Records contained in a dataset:
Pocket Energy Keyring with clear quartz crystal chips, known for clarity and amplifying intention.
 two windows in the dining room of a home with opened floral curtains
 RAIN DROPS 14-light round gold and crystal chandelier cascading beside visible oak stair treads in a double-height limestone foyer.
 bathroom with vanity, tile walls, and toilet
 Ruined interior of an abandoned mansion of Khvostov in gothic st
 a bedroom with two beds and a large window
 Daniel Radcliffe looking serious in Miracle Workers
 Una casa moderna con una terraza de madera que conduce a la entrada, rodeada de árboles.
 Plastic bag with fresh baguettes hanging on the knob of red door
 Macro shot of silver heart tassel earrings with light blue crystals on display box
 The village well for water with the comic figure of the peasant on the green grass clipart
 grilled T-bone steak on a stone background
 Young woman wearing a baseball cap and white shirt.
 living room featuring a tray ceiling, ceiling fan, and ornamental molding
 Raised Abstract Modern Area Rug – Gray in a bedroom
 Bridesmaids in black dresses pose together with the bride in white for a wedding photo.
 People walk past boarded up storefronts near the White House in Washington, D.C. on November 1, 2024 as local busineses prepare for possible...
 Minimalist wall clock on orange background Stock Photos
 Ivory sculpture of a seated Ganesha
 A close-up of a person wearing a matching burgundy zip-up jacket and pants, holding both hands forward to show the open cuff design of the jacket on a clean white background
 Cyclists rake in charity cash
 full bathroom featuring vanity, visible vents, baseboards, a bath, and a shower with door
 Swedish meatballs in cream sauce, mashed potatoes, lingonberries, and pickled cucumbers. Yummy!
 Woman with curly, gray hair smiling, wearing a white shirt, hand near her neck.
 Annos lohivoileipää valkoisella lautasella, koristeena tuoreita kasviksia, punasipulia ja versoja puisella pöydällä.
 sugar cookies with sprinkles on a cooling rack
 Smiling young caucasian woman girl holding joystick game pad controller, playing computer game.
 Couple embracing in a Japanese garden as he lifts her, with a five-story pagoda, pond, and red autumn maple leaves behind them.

◆ **Task to complete**
Starting at the line that has "Macro shot of" in the records above, restate word for word every line until the one that has "Bridesmaids in black", and include that one as well.

◆ **Result of this task**
 Macro shot of silver heart tassel earrings with light blue crystals on display box
 The village well for water with the comic figure of the peasant on the green grass clipart
 grilled T-bone steak on a stone background
 Young woman wearing a baseball cap and white shirt.
 living room featuring a tray ceiling, ceiling fan, and ornamental molding
 Raised Abstract Modern Area Rug – Gray in a bedroom
 Bridesmaids in black dresses pose together with the bride in white for a wedding photo.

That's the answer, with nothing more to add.